Paper Review: Hiera: A Hierarchical Vision Transformer without the Bells-and-Whistles

Hiera: A Hierarchical Vision Transformer without the Bells-and-Whistles

Main image

This paper introduces Hiera, a novel, simplified hierarchical vision transformer. Despite the common practice of adding vision-specific components to improve supervised classification performance in vision transformers, these additions often result in increased complexity and slower speed compared to original Vision Transformers (ViT). The authors argue that this added complexity is unnecessary and can be eliminated through pretraining with a strong visual pretext task (MAE). The resulting model, Hiera, retains the accuracy of state-of-the-art multi-stage vision transformers but is significantly faster both during training and inference.

Approach

The authors aim to design a simplified, efficient multiscale vision transformer that achieves high accuracy on vision tasks without the need for specialized modules like convolution, shifted windows, or attention bias. They suggest that the spatial biases provided by these modules, which are absent in vanilla transformers, can be learned through a strong pretext task instead of complicated architectural modifications.

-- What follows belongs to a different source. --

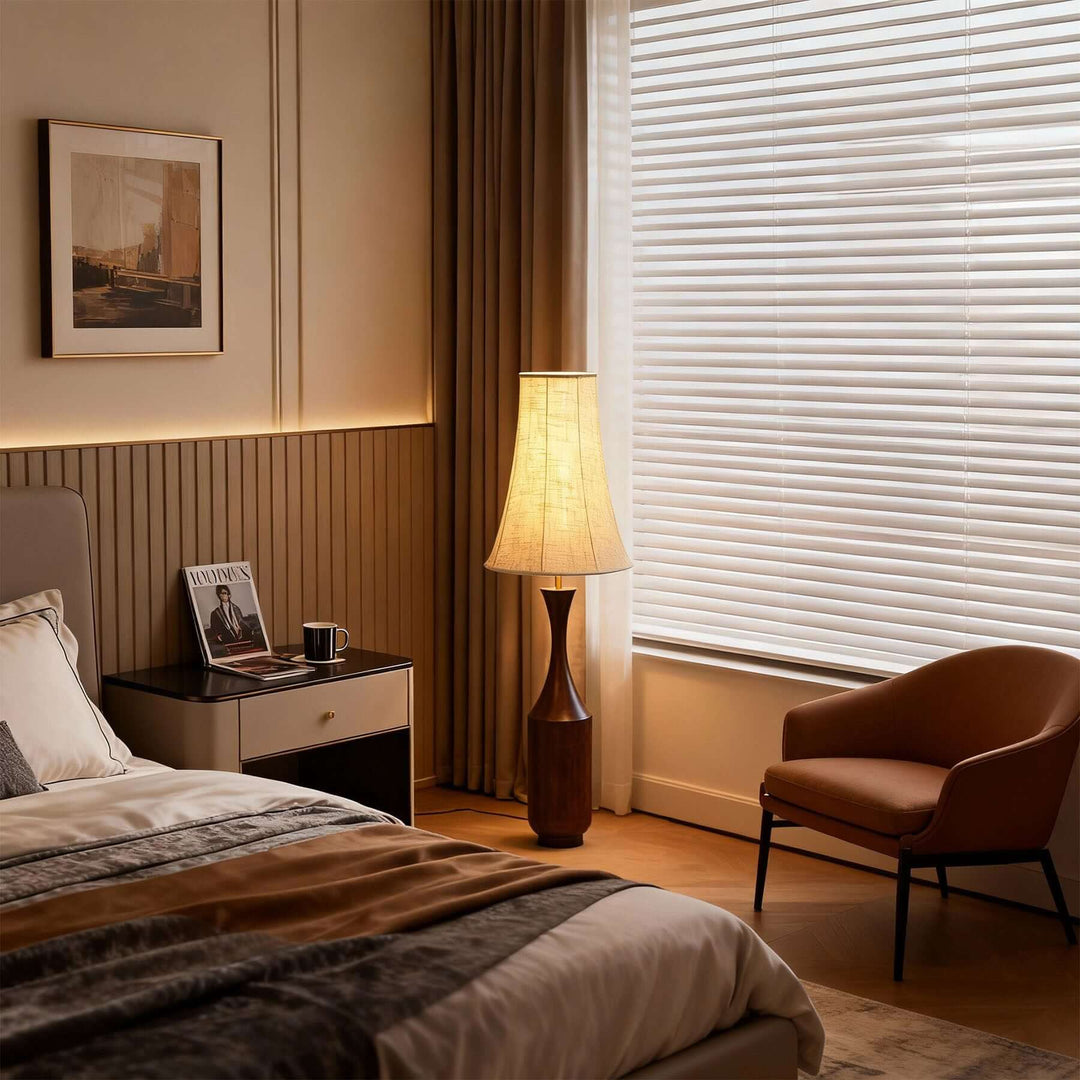 Rimavo Floor Lamp – Retro Wabi-sabi Fabric Lamp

For this purpose, they use Masked Autoencoders (MAE) as their pretext task, which has proven effective in teaching ViTs localization abilities for downstream tasks. MAE pretraining involves deleting masked tokens, unlike other masked image modeling approaches (which usually overwrite them). This method, while efficient, presents a challenge for hierarchical models since it disrupts the 2D grid they depend on.

To overcome this, the authors introduce a distinction between tokens and “mask units”, where mask units represent the resolution of MAE masking and tokens are the internal resolution of the model. They mask 32×32 pixel regions, which equates to 8 × 8 tokens at the network’s start.

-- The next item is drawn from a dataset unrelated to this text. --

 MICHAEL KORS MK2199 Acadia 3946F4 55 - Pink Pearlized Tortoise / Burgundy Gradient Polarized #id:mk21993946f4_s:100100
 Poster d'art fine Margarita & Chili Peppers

Using a novel trick, the authors can evaluate hierarchical models by treating mask units as contiguous and separate from other tokens. This allows them to successfully use MAE with an existing hierarchical vision transformer.

Preparing MViTv2

MViTv2

The authors select MViTv2 as the base architecture for their experiments, citing its small 3x3 kernels are least affected by their unique masking technique, though they believe other transformers could potentially yield similar results.

MViTv2 is a hierarchical model that learns multi-scale representations across four stages. It begins by modeling low-level features with a small channel capacity but high spatial resolution, and then trades channel capacity for spatial resolution in each stage to model more complex high-level features in deeper layers.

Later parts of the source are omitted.